Exercise description
Report how many lines in the following entries contain "Metal". Nothing else should be given.

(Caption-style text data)
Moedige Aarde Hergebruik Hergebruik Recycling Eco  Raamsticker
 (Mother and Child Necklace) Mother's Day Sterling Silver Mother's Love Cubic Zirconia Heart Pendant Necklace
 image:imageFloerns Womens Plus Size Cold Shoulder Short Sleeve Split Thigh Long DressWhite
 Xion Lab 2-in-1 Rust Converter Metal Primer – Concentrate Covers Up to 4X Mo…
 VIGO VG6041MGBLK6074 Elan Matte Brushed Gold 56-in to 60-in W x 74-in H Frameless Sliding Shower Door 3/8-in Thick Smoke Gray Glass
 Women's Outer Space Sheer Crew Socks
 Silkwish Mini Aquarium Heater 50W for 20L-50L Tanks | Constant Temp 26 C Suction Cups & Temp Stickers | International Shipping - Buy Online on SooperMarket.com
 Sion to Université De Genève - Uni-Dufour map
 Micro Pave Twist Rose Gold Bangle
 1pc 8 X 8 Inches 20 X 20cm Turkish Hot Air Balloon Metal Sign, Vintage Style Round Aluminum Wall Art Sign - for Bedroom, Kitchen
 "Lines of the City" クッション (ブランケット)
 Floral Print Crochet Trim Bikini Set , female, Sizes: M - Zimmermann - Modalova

Task output
2